В России Шагал чувствовал себя евреем «на каждом шагу», причем это ощущение не всегда было приятным. И то, что в Париже он сразу отгородился от других еврейских художников, можно объяснить не только радостью оттого, что можно наконец отбросить эту сковывающую социокультурную роль, но и желанием противопоставить себя и свое творчество зарождавшимся в то время и набиравшим силу тенденциям «еврейского искусства».

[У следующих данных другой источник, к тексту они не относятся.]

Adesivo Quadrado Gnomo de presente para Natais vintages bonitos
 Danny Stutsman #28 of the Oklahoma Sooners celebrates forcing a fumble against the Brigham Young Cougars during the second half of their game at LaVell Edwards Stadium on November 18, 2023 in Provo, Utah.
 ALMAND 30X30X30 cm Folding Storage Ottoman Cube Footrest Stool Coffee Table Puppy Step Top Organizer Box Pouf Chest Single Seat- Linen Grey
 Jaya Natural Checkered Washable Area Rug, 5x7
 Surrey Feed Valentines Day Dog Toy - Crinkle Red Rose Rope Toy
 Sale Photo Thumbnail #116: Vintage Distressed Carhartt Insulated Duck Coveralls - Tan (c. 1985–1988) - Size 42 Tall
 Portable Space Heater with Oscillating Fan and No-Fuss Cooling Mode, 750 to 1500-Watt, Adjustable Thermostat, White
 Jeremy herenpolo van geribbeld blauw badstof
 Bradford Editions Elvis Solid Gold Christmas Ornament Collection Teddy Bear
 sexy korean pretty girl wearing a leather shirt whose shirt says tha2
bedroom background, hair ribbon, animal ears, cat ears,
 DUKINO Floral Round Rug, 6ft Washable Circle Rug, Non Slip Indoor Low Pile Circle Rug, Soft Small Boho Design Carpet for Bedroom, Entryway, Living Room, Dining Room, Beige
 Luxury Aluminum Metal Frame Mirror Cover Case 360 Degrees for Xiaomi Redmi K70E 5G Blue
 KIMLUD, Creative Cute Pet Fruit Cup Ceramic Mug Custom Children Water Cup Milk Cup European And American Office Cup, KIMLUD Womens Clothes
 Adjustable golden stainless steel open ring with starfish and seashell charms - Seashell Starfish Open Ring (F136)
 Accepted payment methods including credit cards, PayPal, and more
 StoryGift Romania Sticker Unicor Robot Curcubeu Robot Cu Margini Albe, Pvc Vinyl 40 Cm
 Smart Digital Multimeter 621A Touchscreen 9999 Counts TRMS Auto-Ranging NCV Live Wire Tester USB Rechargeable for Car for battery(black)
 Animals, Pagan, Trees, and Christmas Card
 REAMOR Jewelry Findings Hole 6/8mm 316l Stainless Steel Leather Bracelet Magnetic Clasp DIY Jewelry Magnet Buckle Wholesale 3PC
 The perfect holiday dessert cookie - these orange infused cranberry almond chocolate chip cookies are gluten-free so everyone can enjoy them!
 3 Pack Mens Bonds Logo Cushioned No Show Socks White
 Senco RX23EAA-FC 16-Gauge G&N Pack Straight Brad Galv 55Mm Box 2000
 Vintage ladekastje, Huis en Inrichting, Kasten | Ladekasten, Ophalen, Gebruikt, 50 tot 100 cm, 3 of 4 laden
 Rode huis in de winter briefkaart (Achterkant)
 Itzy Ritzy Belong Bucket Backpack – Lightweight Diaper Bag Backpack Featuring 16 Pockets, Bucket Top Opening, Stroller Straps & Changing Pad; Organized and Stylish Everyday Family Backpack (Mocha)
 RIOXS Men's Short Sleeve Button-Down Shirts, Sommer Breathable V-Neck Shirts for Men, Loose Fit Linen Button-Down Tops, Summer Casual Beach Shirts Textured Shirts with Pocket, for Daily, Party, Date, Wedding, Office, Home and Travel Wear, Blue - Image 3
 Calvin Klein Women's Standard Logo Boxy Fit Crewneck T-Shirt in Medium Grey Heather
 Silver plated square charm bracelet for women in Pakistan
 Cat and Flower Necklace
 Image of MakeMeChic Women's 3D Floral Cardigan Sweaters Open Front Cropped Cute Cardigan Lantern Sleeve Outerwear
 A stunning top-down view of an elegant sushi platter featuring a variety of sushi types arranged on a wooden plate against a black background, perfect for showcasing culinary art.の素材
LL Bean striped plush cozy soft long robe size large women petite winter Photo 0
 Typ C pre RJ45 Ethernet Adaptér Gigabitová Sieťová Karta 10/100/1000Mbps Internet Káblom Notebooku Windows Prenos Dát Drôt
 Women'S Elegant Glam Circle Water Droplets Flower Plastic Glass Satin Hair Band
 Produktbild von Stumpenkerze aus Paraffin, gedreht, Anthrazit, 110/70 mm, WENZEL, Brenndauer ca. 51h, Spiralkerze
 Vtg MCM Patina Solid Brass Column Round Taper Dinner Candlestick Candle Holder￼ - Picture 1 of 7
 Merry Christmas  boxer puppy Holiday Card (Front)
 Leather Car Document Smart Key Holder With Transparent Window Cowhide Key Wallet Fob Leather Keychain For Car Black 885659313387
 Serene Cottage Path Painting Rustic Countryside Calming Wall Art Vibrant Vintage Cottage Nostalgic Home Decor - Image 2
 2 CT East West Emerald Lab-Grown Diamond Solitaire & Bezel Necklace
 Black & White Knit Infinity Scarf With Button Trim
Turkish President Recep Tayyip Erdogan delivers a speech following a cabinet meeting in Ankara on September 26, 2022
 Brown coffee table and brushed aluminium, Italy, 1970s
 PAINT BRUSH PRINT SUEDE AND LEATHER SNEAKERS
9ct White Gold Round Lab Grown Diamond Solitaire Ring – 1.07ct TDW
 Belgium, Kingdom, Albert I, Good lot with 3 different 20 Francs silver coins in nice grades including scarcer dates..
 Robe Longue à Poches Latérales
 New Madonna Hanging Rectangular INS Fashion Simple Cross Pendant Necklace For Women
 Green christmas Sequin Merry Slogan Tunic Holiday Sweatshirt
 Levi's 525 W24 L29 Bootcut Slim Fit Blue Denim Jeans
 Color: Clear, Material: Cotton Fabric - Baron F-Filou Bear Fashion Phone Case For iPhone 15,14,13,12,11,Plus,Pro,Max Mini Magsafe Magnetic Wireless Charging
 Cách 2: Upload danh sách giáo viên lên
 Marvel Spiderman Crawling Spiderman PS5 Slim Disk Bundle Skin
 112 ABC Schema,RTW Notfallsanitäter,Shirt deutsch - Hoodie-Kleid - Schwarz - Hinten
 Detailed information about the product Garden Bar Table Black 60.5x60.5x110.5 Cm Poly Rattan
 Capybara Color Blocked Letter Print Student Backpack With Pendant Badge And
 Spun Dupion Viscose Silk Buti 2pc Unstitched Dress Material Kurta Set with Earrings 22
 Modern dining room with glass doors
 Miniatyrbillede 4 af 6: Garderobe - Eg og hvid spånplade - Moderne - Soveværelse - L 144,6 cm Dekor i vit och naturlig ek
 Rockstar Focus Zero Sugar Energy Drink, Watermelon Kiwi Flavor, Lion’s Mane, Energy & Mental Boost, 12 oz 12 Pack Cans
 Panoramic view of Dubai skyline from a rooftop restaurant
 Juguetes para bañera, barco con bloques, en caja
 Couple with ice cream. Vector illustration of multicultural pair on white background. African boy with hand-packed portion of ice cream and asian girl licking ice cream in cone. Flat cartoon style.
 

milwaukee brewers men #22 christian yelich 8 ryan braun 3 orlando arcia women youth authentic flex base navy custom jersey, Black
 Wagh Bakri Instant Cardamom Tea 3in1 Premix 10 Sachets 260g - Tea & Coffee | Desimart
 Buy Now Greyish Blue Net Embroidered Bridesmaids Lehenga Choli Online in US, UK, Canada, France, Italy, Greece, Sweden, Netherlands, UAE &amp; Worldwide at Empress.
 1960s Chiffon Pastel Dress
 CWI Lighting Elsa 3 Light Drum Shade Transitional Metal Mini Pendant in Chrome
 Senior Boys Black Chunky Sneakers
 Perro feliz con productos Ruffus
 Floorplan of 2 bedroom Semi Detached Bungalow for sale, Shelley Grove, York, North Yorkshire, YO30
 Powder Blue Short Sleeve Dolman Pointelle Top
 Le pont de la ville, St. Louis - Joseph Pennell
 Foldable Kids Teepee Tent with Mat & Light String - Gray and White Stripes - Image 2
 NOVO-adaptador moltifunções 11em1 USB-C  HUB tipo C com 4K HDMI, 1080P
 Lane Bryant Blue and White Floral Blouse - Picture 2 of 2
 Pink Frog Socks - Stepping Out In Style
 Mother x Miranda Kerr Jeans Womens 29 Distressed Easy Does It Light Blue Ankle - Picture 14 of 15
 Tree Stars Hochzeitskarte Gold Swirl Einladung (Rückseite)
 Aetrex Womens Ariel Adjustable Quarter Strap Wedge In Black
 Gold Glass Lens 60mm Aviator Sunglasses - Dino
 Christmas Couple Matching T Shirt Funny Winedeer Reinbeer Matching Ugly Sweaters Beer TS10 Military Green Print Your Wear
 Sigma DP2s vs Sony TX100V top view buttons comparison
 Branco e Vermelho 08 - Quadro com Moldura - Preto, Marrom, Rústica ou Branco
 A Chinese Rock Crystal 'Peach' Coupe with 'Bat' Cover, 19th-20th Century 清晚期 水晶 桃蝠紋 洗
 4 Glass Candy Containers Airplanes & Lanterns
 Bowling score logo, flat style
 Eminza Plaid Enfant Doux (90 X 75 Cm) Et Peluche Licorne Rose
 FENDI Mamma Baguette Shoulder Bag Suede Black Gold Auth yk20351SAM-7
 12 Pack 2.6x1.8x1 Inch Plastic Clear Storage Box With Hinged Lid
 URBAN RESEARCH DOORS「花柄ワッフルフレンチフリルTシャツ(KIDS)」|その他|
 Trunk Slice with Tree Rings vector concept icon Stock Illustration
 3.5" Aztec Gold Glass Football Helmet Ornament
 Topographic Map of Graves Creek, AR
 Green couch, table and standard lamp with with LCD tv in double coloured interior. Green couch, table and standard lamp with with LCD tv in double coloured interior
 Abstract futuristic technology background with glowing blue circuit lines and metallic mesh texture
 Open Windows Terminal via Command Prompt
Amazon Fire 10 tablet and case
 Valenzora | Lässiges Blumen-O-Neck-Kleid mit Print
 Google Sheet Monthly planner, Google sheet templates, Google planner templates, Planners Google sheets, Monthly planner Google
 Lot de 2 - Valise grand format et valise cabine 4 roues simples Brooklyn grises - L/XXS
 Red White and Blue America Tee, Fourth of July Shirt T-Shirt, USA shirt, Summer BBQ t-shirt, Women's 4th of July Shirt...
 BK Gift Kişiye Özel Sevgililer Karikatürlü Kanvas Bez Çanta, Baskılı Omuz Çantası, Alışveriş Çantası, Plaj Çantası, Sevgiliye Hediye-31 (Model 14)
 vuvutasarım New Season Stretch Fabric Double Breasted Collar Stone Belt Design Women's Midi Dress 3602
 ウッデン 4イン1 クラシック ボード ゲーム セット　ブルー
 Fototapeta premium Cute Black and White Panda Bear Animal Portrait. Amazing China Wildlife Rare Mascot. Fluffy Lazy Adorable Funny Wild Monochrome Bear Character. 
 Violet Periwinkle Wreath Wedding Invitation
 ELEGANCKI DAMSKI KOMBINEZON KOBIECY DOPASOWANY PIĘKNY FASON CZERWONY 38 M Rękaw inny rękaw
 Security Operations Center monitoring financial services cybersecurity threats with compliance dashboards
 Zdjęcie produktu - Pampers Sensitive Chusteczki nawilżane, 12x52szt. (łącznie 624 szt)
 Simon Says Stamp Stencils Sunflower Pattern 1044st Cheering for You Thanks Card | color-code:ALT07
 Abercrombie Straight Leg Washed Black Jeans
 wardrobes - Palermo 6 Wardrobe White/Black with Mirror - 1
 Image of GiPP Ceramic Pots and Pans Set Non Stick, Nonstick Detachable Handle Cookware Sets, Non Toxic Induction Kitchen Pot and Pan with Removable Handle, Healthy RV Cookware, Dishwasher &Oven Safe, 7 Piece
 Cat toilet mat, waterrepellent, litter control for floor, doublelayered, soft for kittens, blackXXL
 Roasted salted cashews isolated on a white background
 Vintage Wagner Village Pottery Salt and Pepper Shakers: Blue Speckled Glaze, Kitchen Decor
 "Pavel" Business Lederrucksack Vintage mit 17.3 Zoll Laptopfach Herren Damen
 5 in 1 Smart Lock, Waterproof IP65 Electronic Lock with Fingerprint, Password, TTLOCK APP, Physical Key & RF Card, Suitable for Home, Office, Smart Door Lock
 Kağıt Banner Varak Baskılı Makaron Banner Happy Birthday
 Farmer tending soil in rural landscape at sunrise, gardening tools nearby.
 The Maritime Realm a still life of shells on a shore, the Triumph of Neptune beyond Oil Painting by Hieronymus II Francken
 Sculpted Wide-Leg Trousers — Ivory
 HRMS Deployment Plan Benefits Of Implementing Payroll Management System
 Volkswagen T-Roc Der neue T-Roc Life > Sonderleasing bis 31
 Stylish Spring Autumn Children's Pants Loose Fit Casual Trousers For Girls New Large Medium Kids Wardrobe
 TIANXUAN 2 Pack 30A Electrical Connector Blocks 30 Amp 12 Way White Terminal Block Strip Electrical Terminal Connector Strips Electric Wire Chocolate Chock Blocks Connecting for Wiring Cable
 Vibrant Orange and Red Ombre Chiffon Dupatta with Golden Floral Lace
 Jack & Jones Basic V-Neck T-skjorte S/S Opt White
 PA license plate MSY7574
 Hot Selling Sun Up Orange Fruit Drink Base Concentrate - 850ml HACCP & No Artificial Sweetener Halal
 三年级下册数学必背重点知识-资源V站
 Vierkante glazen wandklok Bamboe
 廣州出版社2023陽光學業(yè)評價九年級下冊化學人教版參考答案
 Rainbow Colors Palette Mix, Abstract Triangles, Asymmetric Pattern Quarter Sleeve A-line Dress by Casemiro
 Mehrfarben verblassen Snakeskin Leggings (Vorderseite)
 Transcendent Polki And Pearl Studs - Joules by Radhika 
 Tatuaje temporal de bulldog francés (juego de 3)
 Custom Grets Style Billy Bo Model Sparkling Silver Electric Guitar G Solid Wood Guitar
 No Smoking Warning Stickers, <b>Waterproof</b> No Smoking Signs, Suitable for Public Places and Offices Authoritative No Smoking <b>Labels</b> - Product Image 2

«Улей» стал прибежищем для небольшой группы еврейских художников из стран Восточной Европы, к которой принадлежали Иосиф Чайков, Лео Кениг, Ицхак Лихтенштейн, Марек Шварц и — очень недолго — Пинхас Кремень. Они образовали художественную группу «Махмадим» и стали издавать альманах с таким же названием (слово «махмадим» всего один раз упоминается в еврейской Библии и иногда переводится как «возлюбленная», хотя более правильный перевод — «радость очей моих»). Им удалось выпустить только семь альманахов, отпечатанных на гектографе и состоящих исключительно из картинок. Сообщество «Махмадим» ставило своей целью создание современного, интернационального еврейского искусства, которое тем не менее восходило бы к еврейскому фольклору и библейской традиции. Например, в одном из альманахов был помещен рисунок Марека Шварца на сюжет изгнания Адама и Евы из рая, в другом выпуске, названном «Шабат», воспроизводилась его линогравюра, изображавшая ученую беседу двух набожных евреев. Но по манере исполнения работы художников из «Махмадим» были крайне консервативными. Неудивительно, что Шагал, как он вспоминал позднее, «от души посмеялся над досужими рассуждениями… соседей о судьбах еврейского искусства». Однако критики не преминули заметить, что творчество самого Шагала, с его сюрреалистическим штетлом и библейскими сюжетами, во многом воплощало мечту сообщества «Махмадим» об искусстве, на создание которого у самих членов этого кружка не хватило, вероятно, ни таланта, ни смелости.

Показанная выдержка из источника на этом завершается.